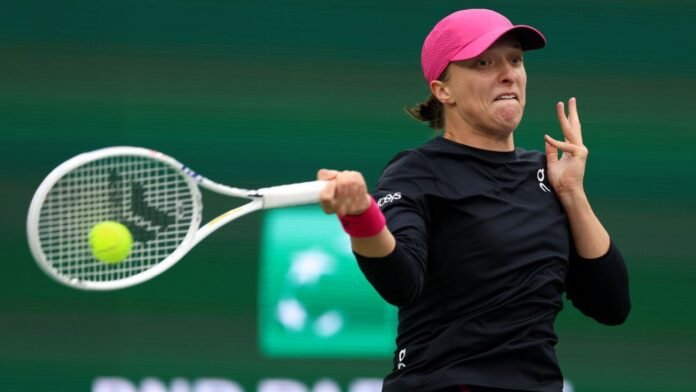 Iga Swiatek routs Marta Kostyuk to reach Indian Wells final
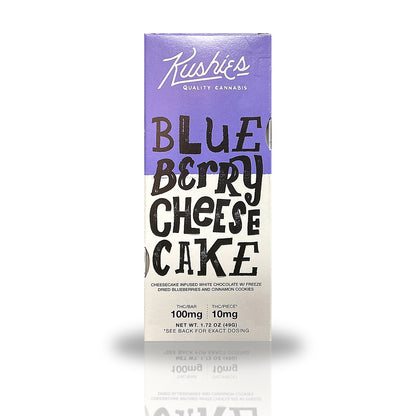 Kushies Delta-9 THC Chocolate Bar 100MG (10 x 10MG) - Blueberry Cheesecake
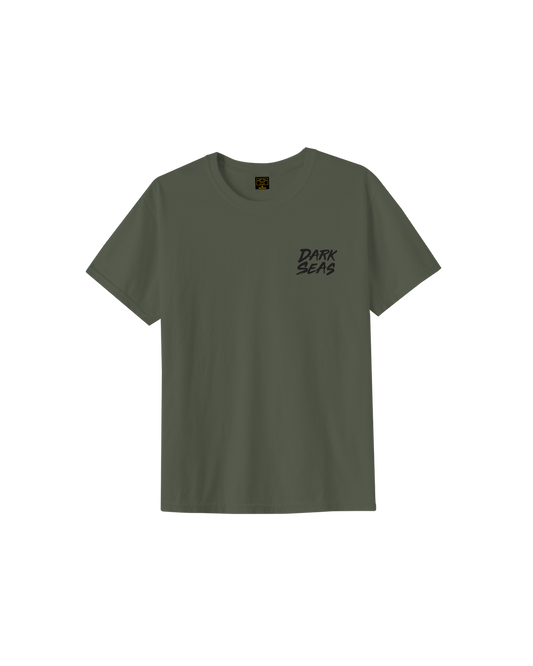 Dark Seas 'Small Mouth' Tee - Bronze Green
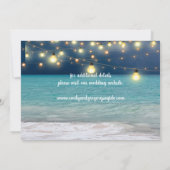 Summer Blue Ocean Beach Wedding Invitations Save The Date (Achterkant)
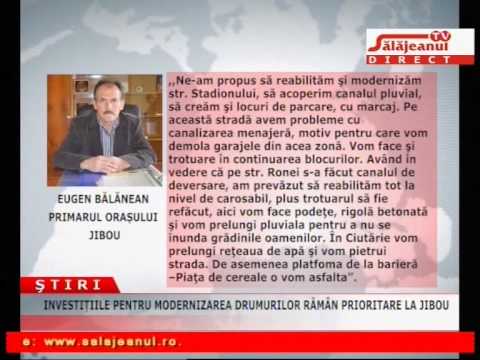 INVESTITIILE PENTRU MODERNIZAREA DRUMURILOR RAMAN PRIORITARE LA JIBOU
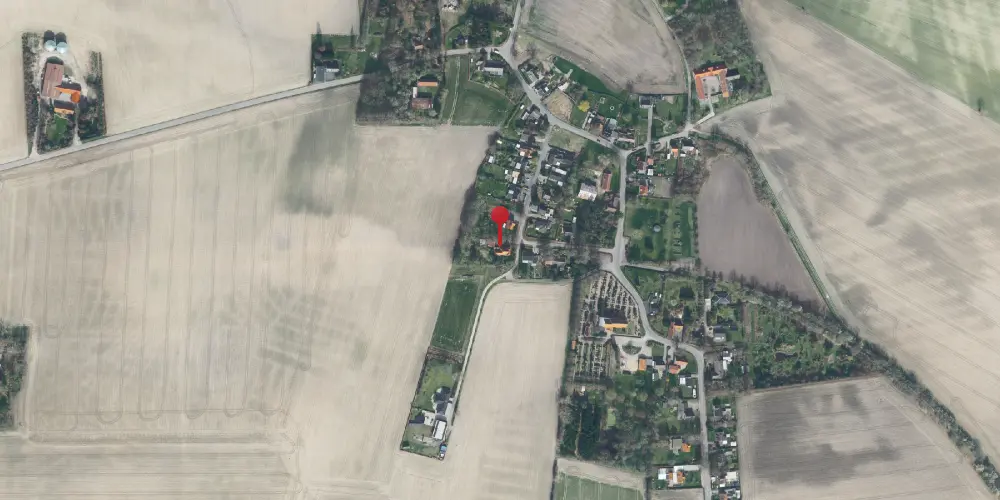 Historisk kort over Kastager Station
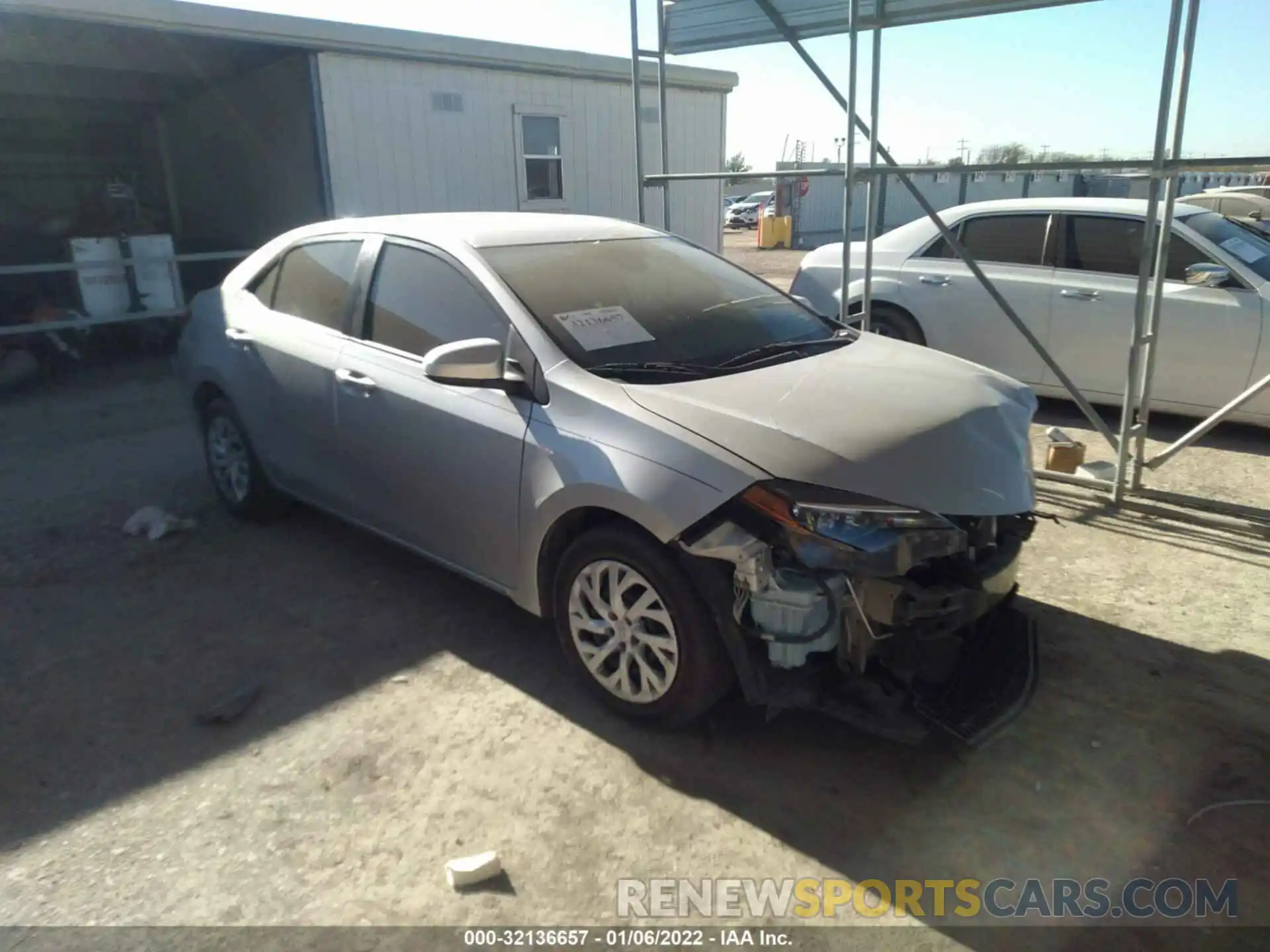 1 Photograph of a damaged car 5YFBURHE3KP889175 TOYOTA COROLLA 2019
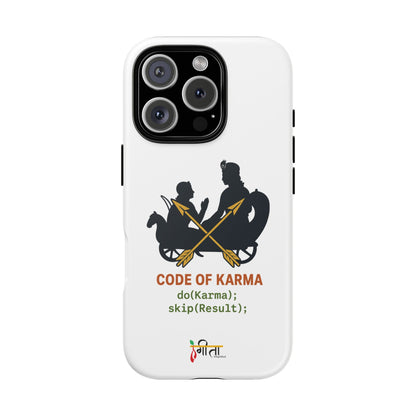 “Driven by Dharma” Krishna Karma Phone Case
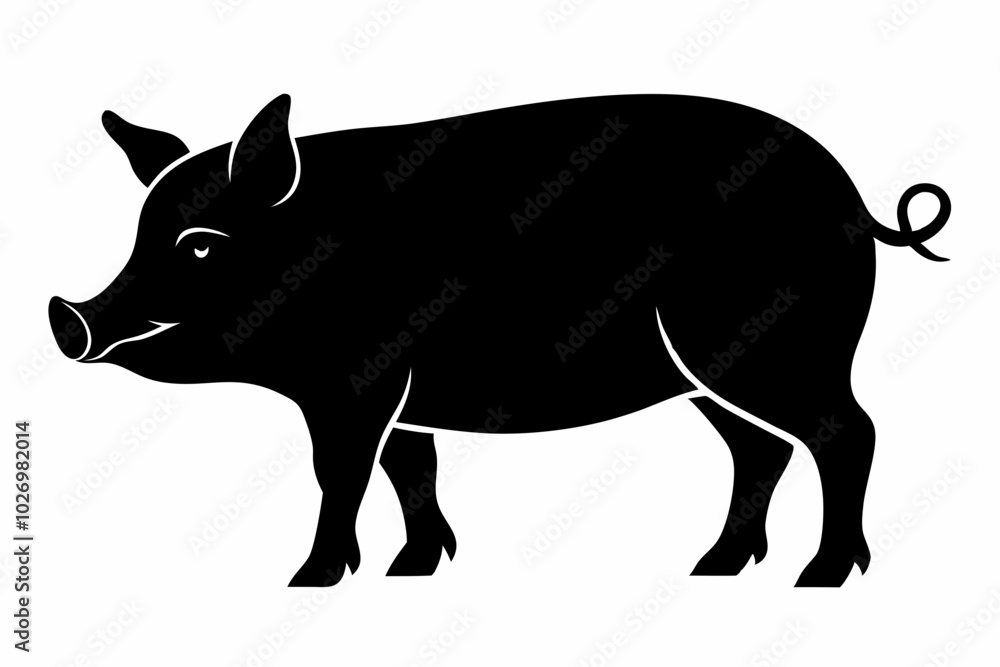 Pig Animal Logo Black Silhouette Vector, Pig Silhouette, Pig graphic icon
Pig Animal Logo Black Silhouette Vector, Pig Silhouette, Pig graphic icon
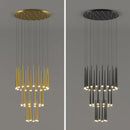 GobekUsa LED Staircase Chandeliers: Modern Luxury for Living Room, Hall, Villa.
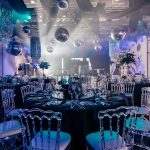 Silver inflatable balloons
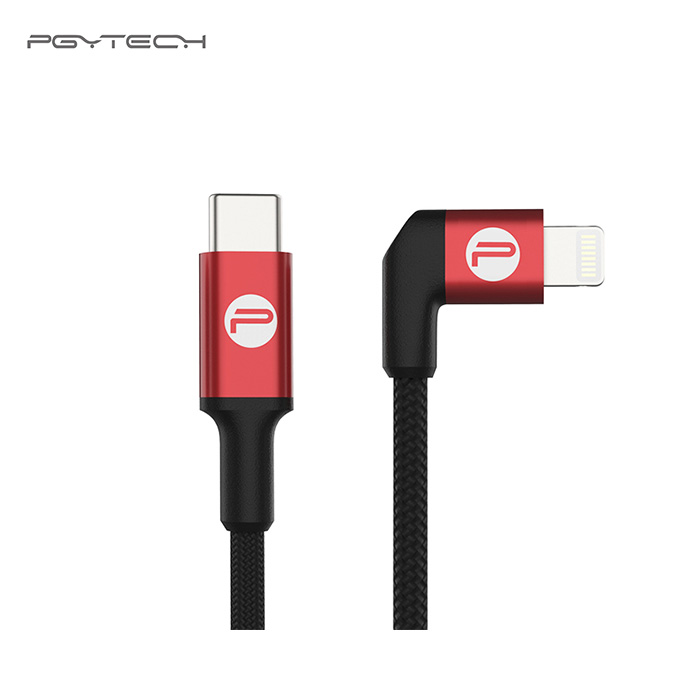 오즈모액션 라이트닝 케이블 65cm 아이폰,아이패드 호환  PGYTECH Type-C to Lightning Cable 65cm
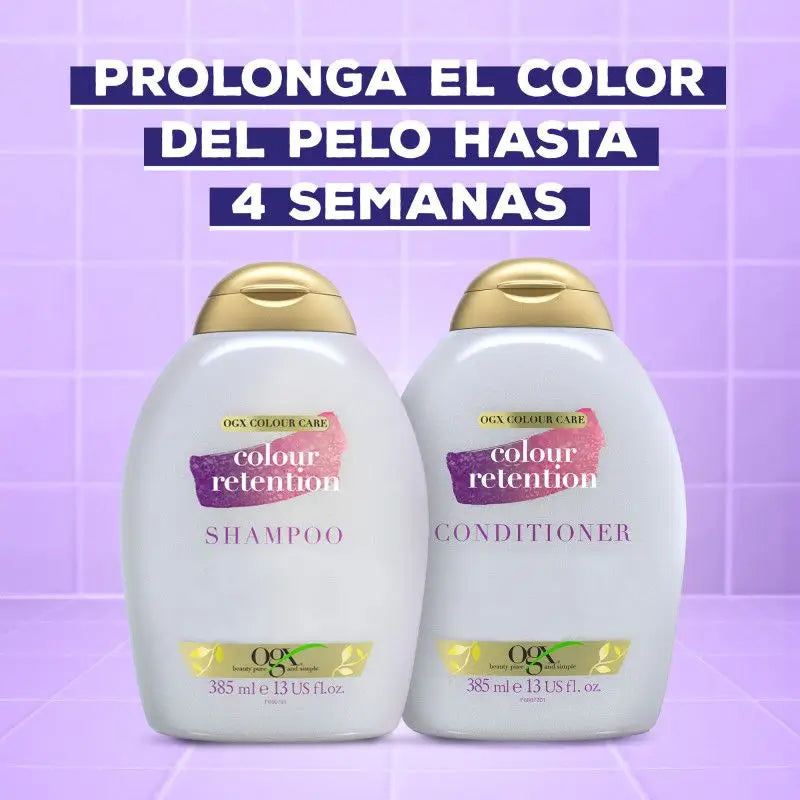 Ogx Acondicionador Retencion De Color, 385 ml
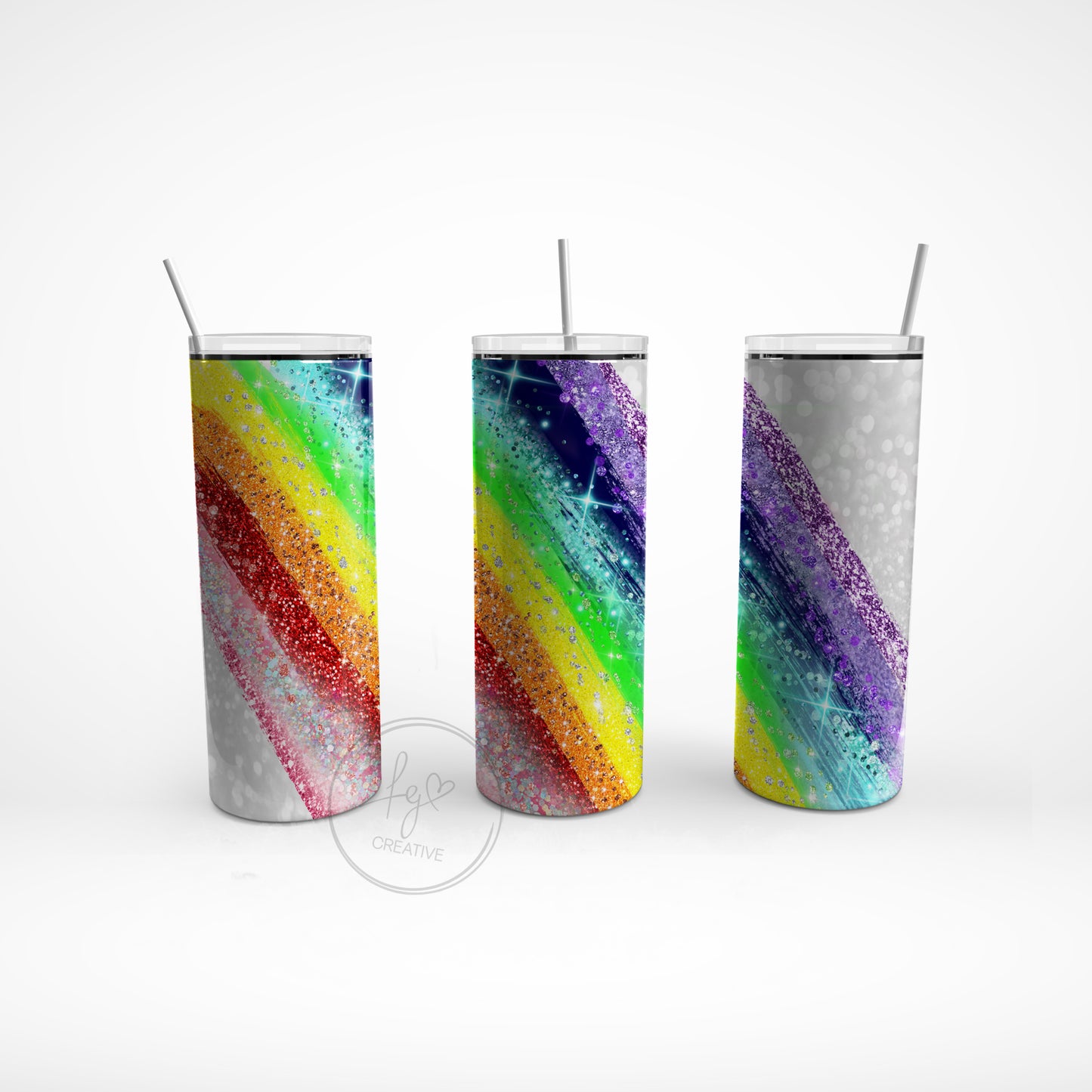 Rainbow Splash Stainless Steel Tumbler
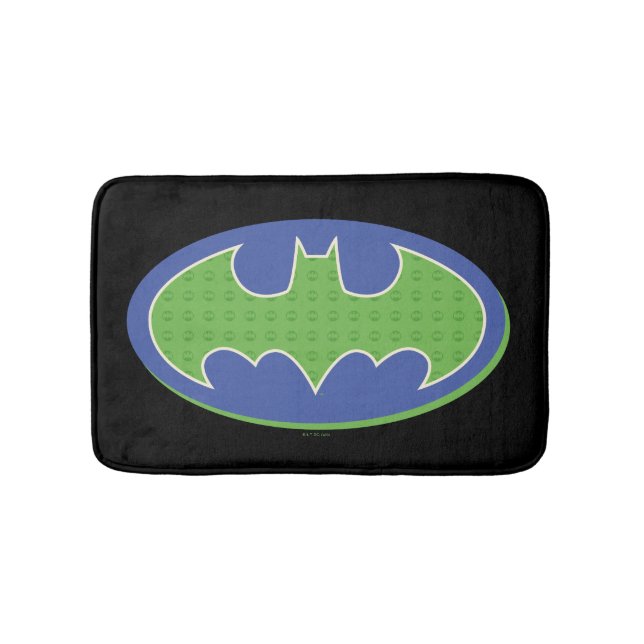 Alfombrilla De Baño Batman | Símbolo morado y verde (Anverso)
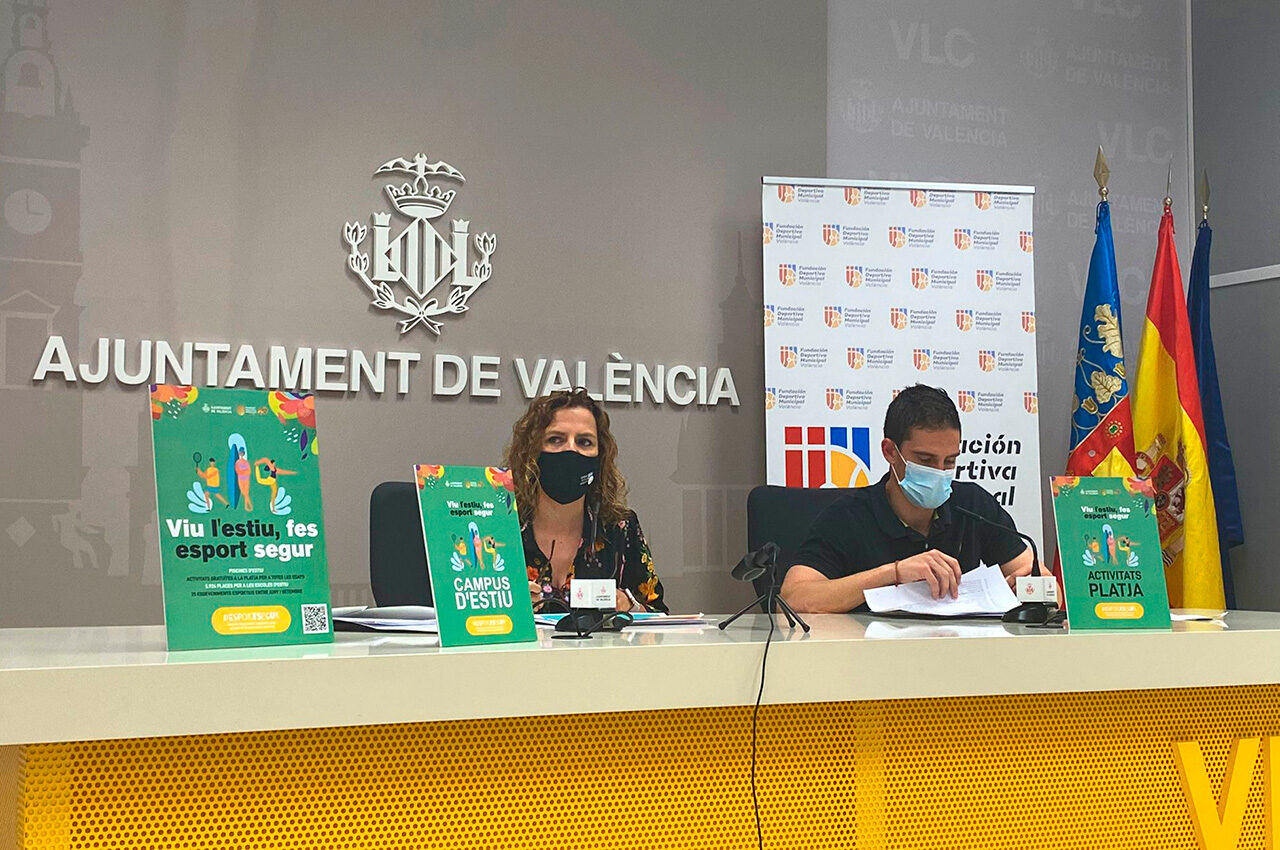 La Fundación Deportiva Municipal presenta “Viu l’esport, fes esport segur”, el plan de temporada de verano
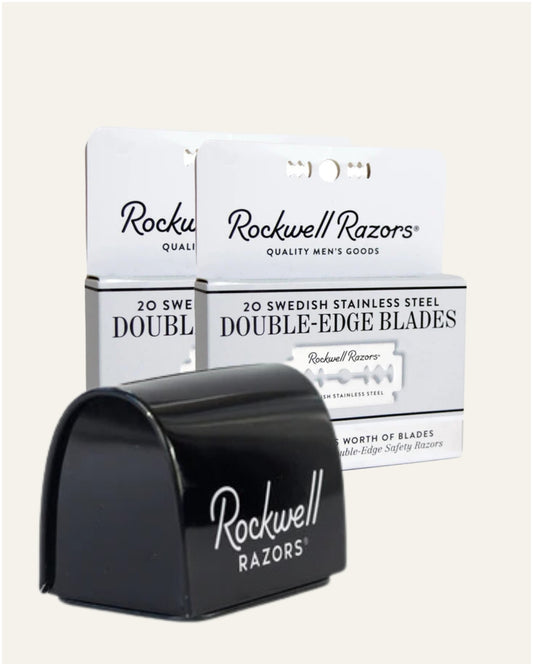 40 Razor Blades With Disposal Tin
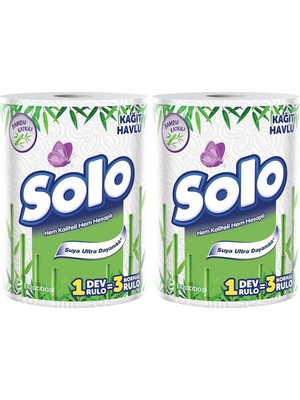 Solo Bambu Dev Rulo Havlu 1:3 (2 Paketi)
● ● ● ● ● ● ●
• [Required action] Reproduce exactly, with every picture left out, the lines from the one that contains "Karma Phone Case" to the final line of the records above.

• [Written response]
 “Driven by Dharma” Krishna Karma Phone Case
 Pig Animal Logo Black Silhouette Vector, Pig Silhouette, Pig graphic icon
Pig Animal Logo Black Silhouette Vector, Pig Silhouette, Pig graphic icon
 GobekUsa LED Staircase Chandeliers: Modern Luxury for Living Room, Hall, Villa.
 Silver inflatable balloons
 오즈모액션 라이트닝 케이블 65cm 아이폰,아이패드 호환  PGYTECH Type-C to Lightning Cable 65cm
 Ogx Acondicionador Retencion De Color, 385 ml
 Rainbow Splash Stainless Steel Tumbler
 Alfombrilla De Baño Batman | Símbolo morado y verde (Anverso)
 La Fundación Deportiva Municipal presenta “Viu l’esport, fes esport segur”, el plan de temporada de verano
 40 Razor Blades With Disposal Tin
 Solo Bambu Dev Rulo Havlu 1:3 (2 Paketi)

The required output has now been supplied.